» **WORK TO BE COMPLETED**: Return every record below exactly as written, but leave out the pictures.

Dataset excerpts:
Start of Block
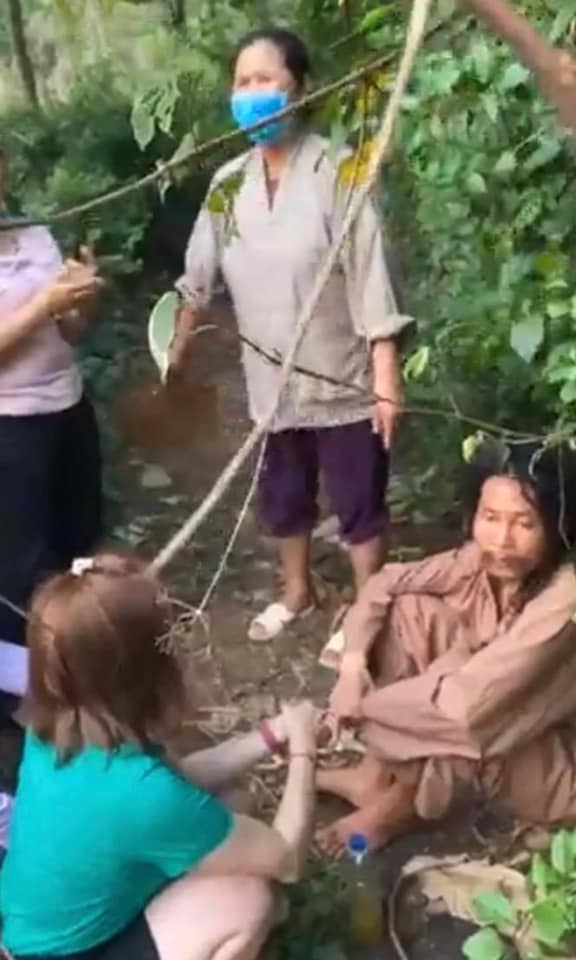 Nhờ 1 đoạn video TikTok, vợ tìm được chồng sau 11 năm mòn mỏi 9 Nhờ 1 đoạn video TikTok, vợ tìm được chồng sau 11 năm mòn mỏi 9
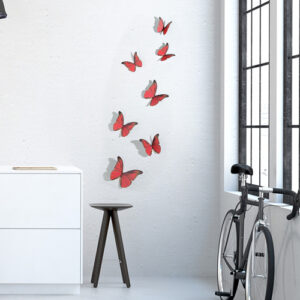 Sticker mural Papillons rouges sur un mur blanc avec un vélo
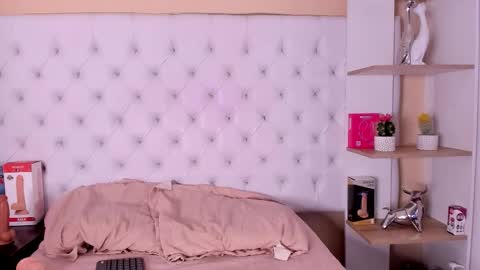 Snapshot of sara_salgado chatting on 09-29-25, 11:15 sara_salgado online show from 09-29-25, 11:15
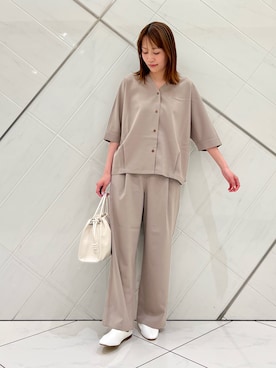 「URBAN RESEARCH DOORS（アーバンリサーチドアーズ）の『UR TECH』完声/涼ドルマン半袖シャツ（シャツ/ブラウス、ベージュ系）」を使った、IKUさん（レディース・161cm）の春コーディネート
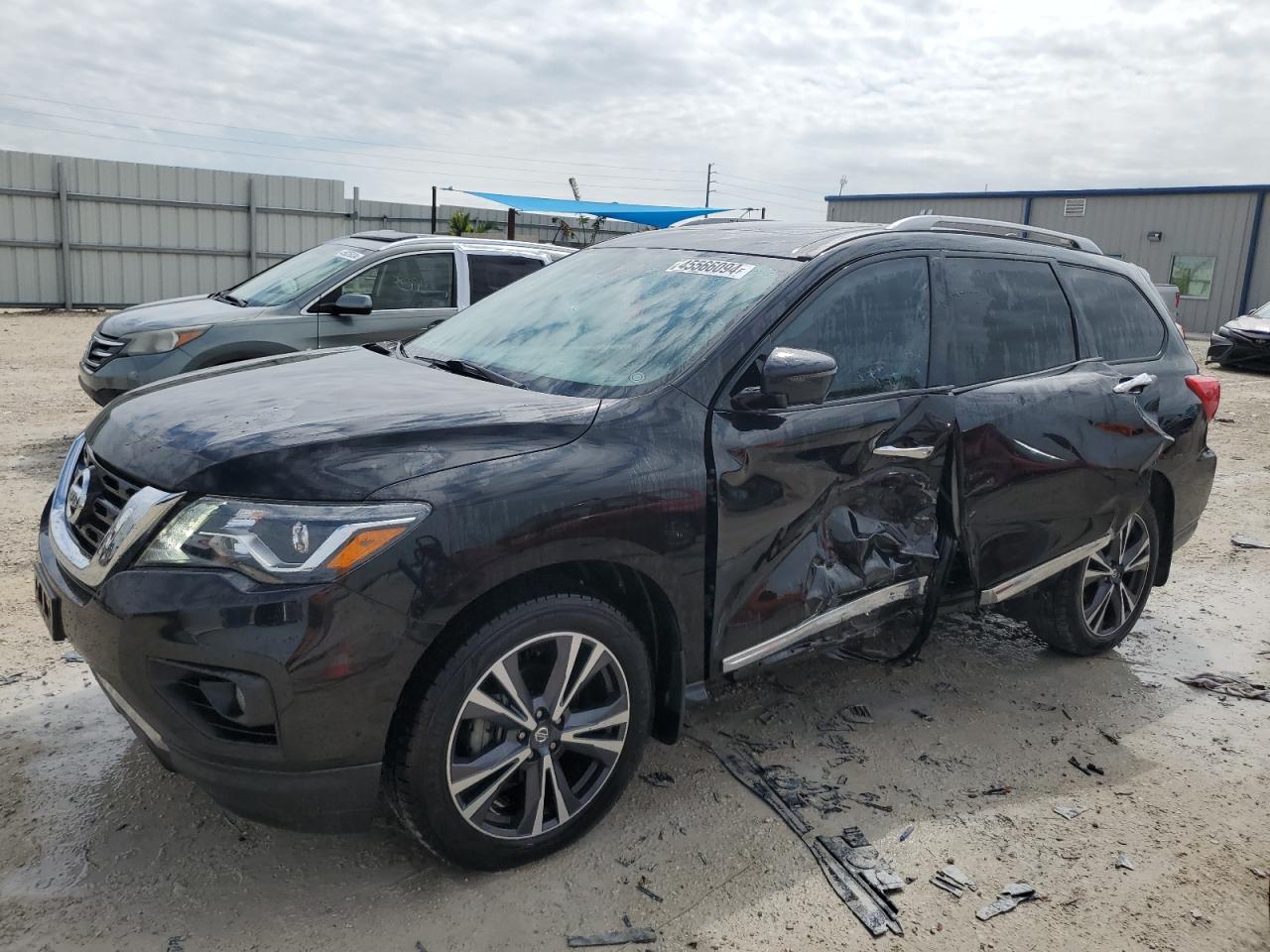 Автомобіль NISSAN PATHFINDER PLATINUM 2020 | GrandCar Автомобіль NISSAN PATHFINDER PLATINUM 2020 | GrandCar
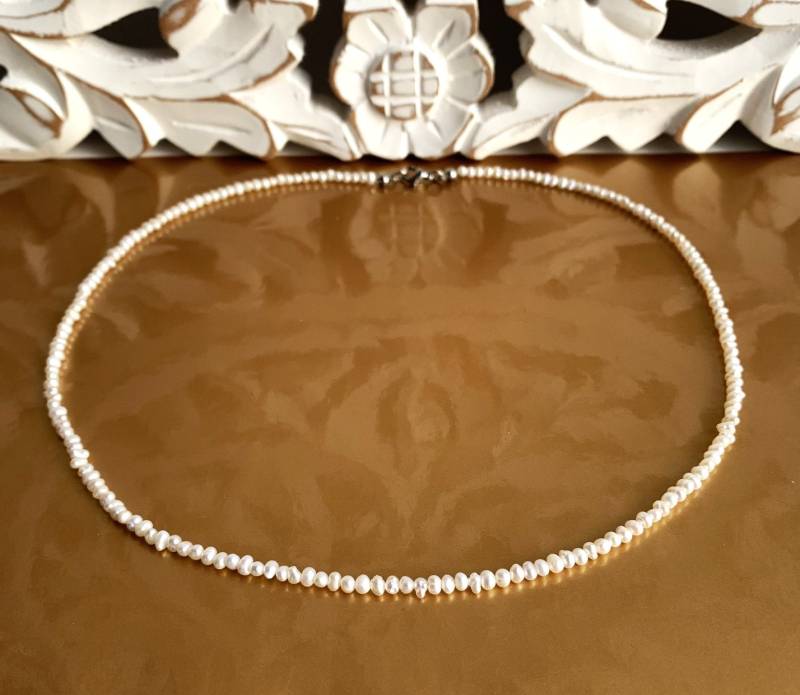 Zierliche Kette Aus Echten Zuchtperlen Aaa | Filigrane Saatperlen Von Ca. 3, 5 Mm von SchlesierDesigns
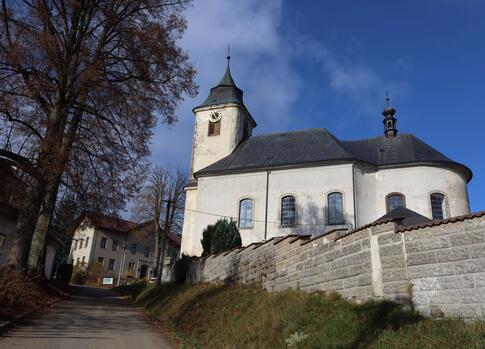 kostela Nejsvětější Trojice Roprachtice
End of Block
» **YOUR RESPONSE**:
 Nhờ 1 đoạn video TikTok, vợ tìm được chồng sau 11 năm mòn mỏi 9 Nhờ 1 đoạn video TikTok, vợ tìm được chồng sau 11 năm mòn mỏi 9
 Sticker mural Papillons rouges sur un mur blanc avec un vélo
 Snapshot of sara_salgado chatting on 09-29-25, 11:15 sara_salgado online show from 09-29-25, 11:15
 「URBAN RESEARCH DOORS（アーバンリサーチドアーズ）の『UR TECH』完声/涼ドルマン半袖シャツ（シャツ/ブラウス、ベージュ系）」を使った、IKUさん（レディース・161cm）の春コーディネート
 Автомобіль NISSAN PATHFINDER PLATINUM 2020 | GrandCar Автомобіль NISSAN PATHFINDER PLATINUM 2020 | GrandCar
 Zierliche Kette Aus Echten Zuchtperlen Aaa | Filigrane Saatperlen Von Ca. 3, 5 Mm von SchlesierDesigns
 kostela Nejsvětější Trojice Roprachtice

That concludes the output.